### [Data extract]
------

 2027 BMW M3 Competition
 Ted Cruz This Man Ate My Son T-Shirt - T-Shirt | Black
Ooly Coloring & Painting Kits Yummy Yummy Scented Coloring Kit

------

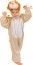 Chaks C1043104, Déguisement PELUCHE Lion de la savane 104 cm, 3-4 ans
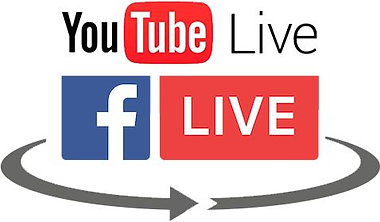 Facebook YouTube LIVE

------

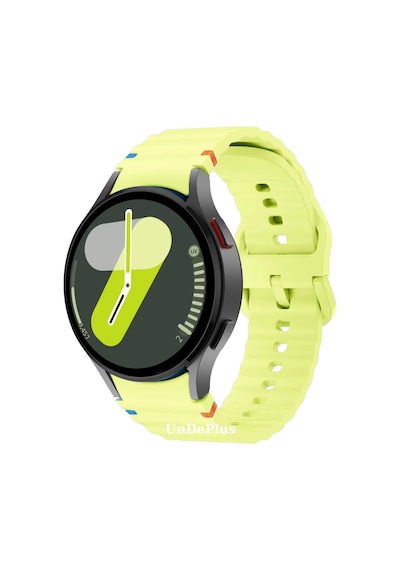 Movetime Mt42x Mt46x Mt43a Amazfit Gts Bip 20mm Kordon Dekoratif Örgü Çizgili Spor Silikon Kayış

------

Reproduce exactly the lines of the records above from the one with "2027 BMW M3 Competition" to the one with "Ooly Coloring &", both included, and leave out everything else.

### [Task result]
 2027 BMW M3 Competition
 Ted Cruz This Man Ate My Son T-Shirt - T-Shirt | Black
Ooly Coloring & Painting Kits Yummy Yummy Scented Coloring Kit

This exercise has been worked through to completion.